Вебер говорит в этой связи о «политеизме ценностей», или о «войне богов». В первом приближении эта метафора выражает понимание того, что из нередуцируемого плюрализма ценностей следует неустранимая возможность их конфликта. Однако более фундаментальная посылка гласит, что конфликт – это не следствие плюрализма ценностей, но сам способ их существования. Ценности приводятся к значимости посредством борьбы за признание. Антагонистическая диспозиция – не побочный эффект, а порождающий принцип ценностных содержаний.
Выше мы говорили, что ценности историчны. Это значит не столько то, что они преходящи, сколько то, что они производятся историей как особого рода драматургией: драматургией значащего, интерпретированного и через это наполненного смыслом конфликта.
Мир, лишенный фундаментально-конфликтного измерения, – это обесцененный, выхолощенный и неисторичный мир. Консервативная приверженность «жестоким истинам» прежде всего противостоит этому обесцениванию. Поэтому она лишь на первый взгляд покажется пессимизмом. По сути своей это оптимизм. Как сказал бы Ницше – трагический оптимизм.
Ускользающий гражданский мир
Поль Клодель писал в противовес лозунгу Маркса об изменении мира: «прежде чем изменить мир, важнее было бы не дать ему погибнуть». [18, с. 62] О какой гибели здесь может идти речь? Ядерная зима, экологическая катастрофа? Возможно.
Но мир, который подвержен гибели, – это не только физическое пространство вокруг нас. Это и социальное пространство, некое пространство совместности.
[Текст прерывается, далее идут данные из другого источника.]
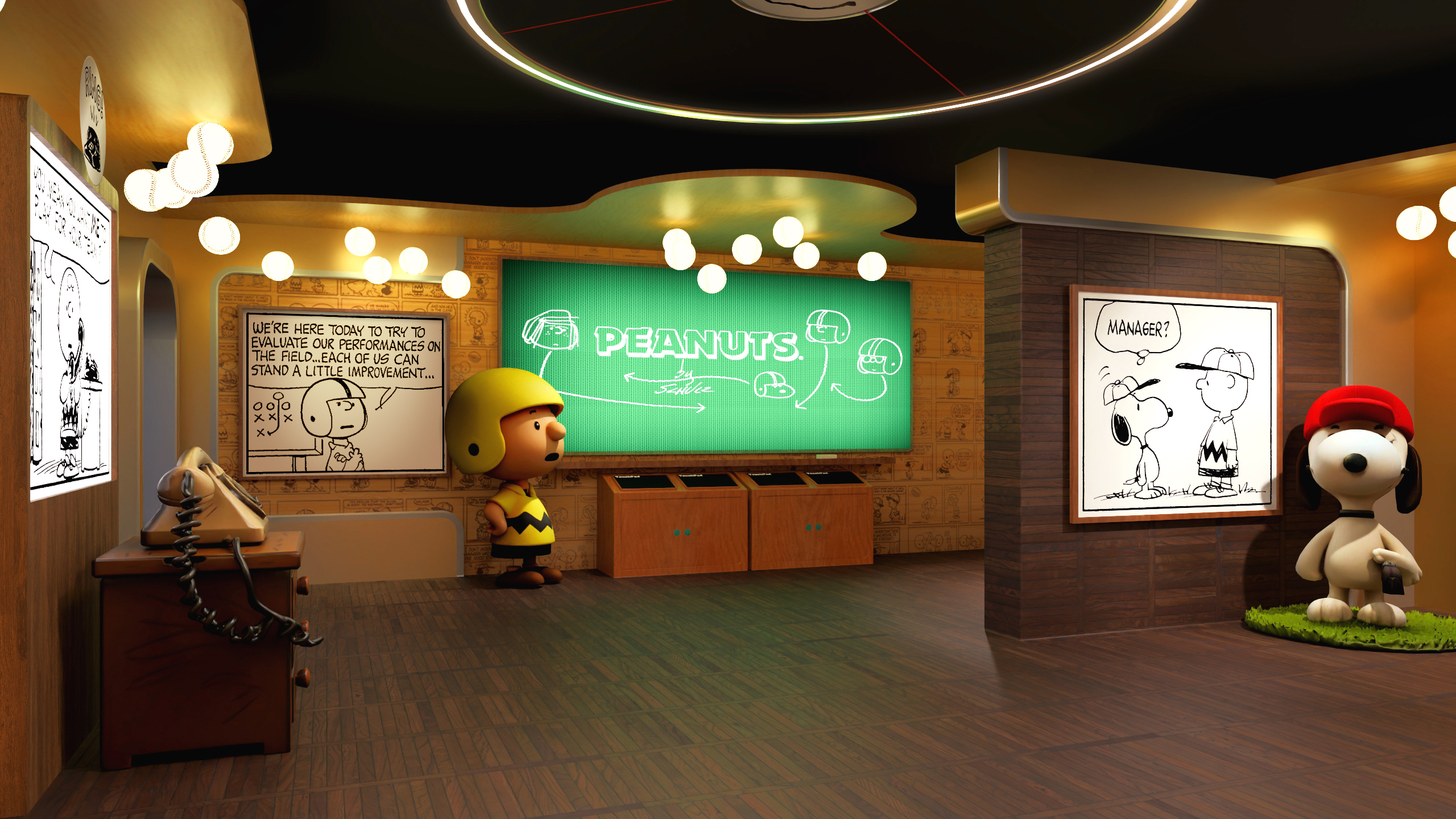 Snoopy Garden — zone C 8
Об этом пишет Ханна Арендт как о предпосылке политической формы жизни: мир «как что-то общее для многих людей, что-то, лежащее между ними, разделяющее и связывающее их». [4, с. 75] Такое понимание гражданского мира более фундаментально, чем понятие мира как отсутствия войны.
Мир как соединяющее-и-разделяющее пространство уничтожается не войной, а войной на уничтожение.